── Given entries ──
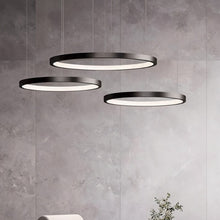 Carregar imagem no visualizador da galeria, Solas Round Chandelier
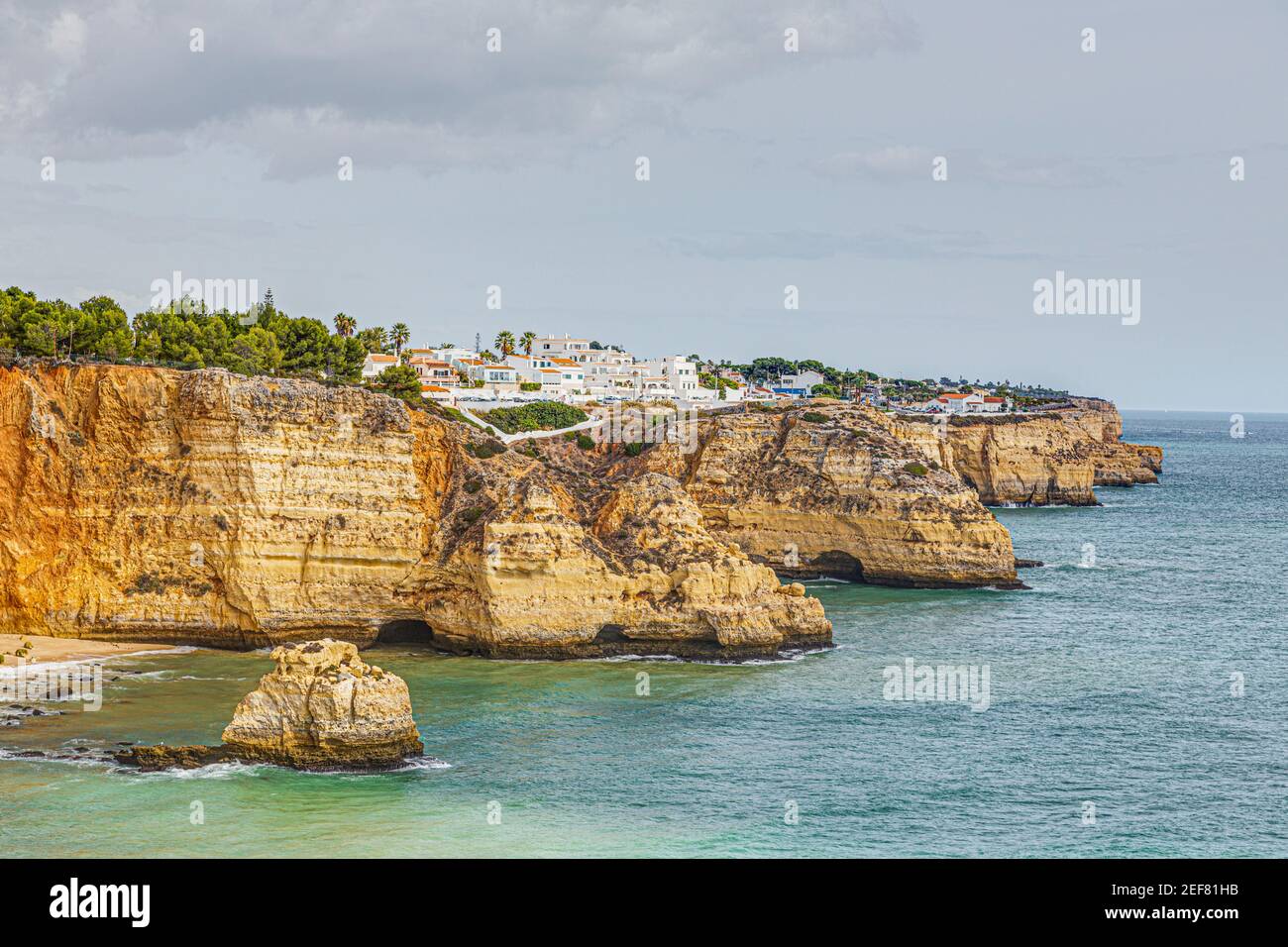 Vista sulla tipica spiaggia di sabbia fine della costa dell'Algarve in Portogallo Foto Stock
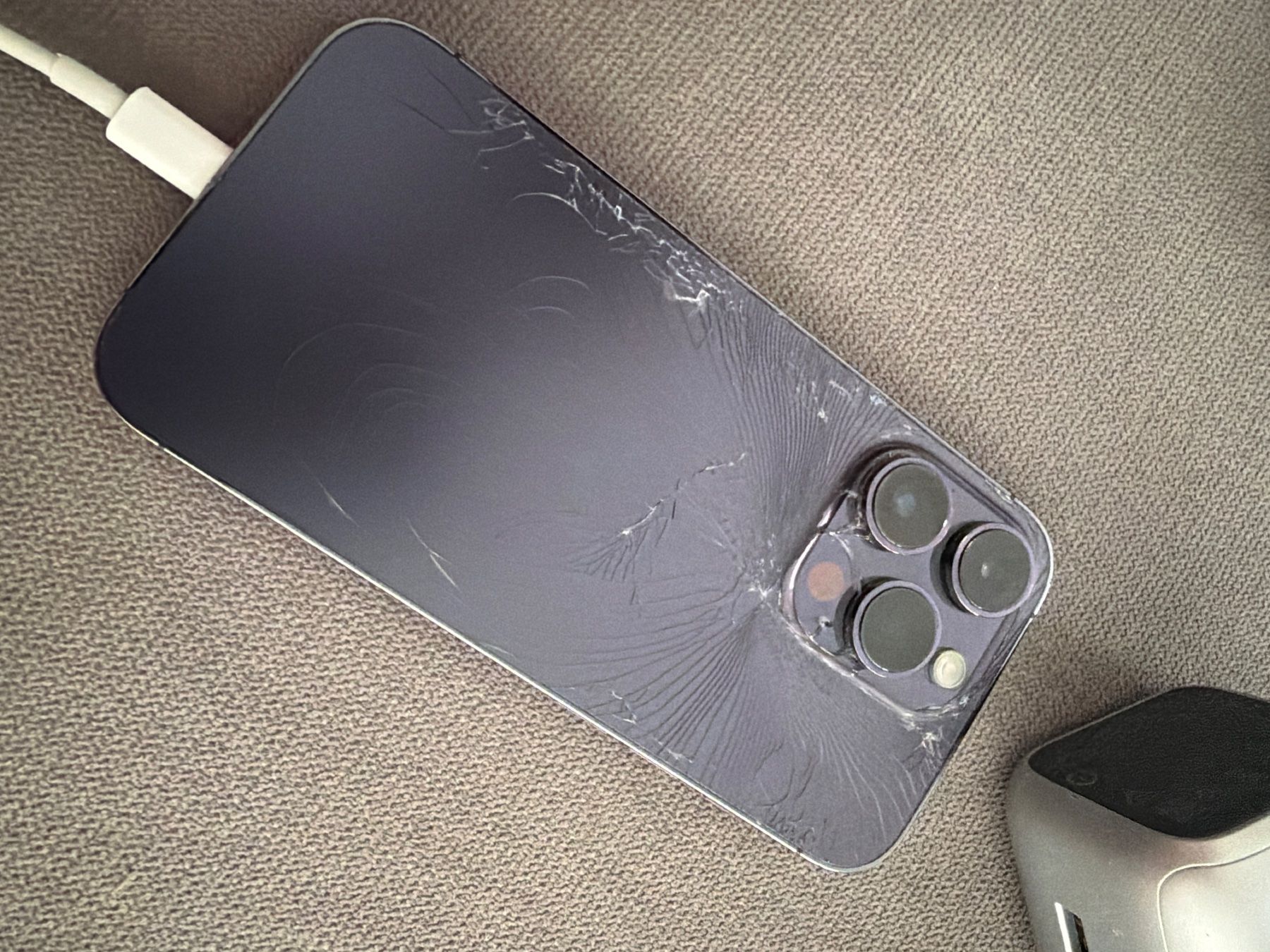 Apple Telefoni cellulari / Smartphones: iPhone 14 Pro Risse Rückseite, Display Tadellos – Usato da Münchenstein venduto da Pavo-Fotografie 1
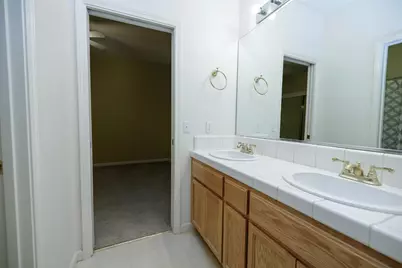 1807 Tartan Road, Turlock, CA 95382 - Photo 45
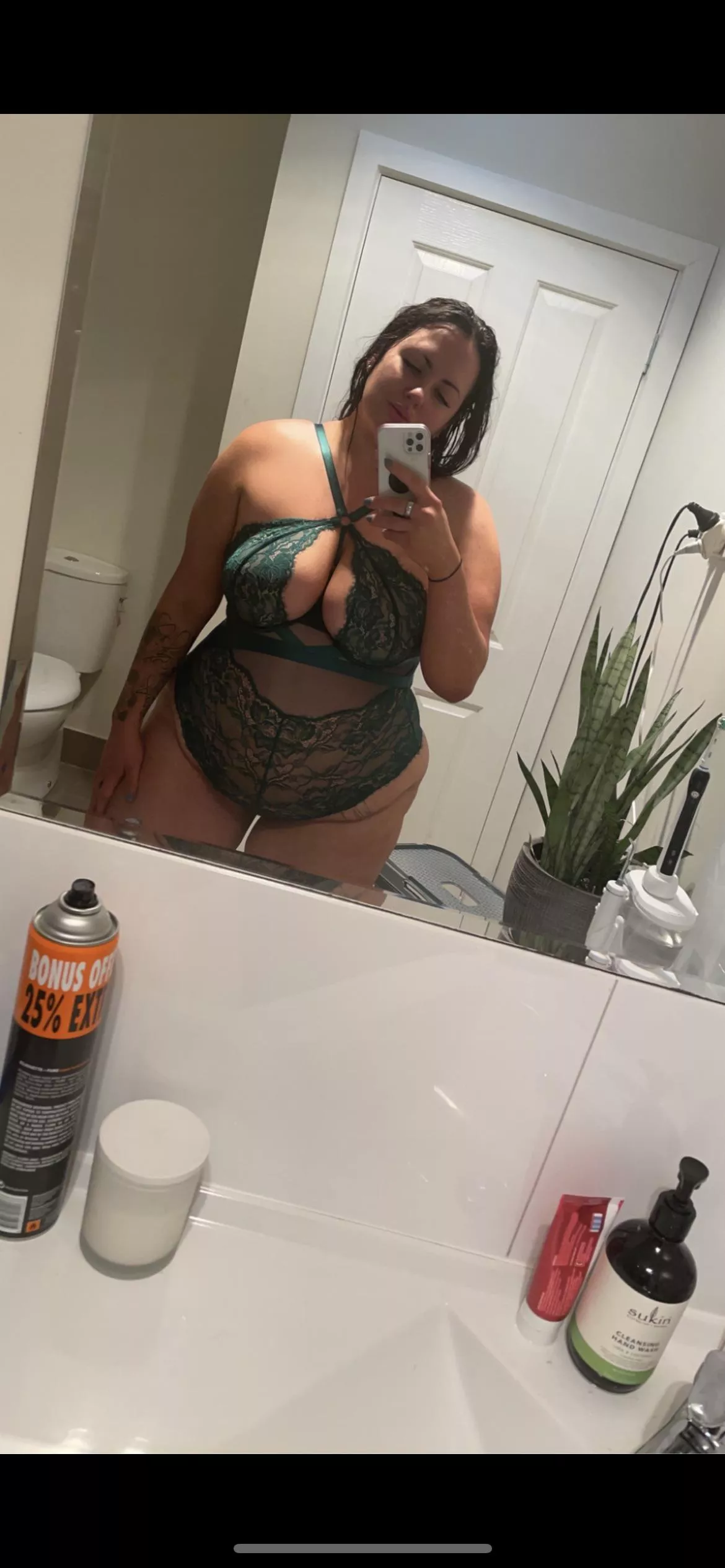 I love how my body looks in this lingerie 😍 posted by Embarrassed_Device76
───
Assignment:
An exact copy of the listing is required, with every image removed.

Reply to the exercise:
 Carregar imagem no visualizador da galeria, Solas Round Chandelier
 Vista sulla tipica spiaggia di sabbia fine della costa dell'Algarve in Portogallo Foto Stock
 Apple Telefoni cellulari / Smartphones: iPhone 14 Pro Risse Rückseite, Display Tadellos – Usato da Münchenstein venduto da Pavo-Fotografie 1
 1807 Tartan Road, Turlock, CA 95382 - Photo 45
 I love how my body looks in this lingerie 😍 posted by Embarrassed_Device76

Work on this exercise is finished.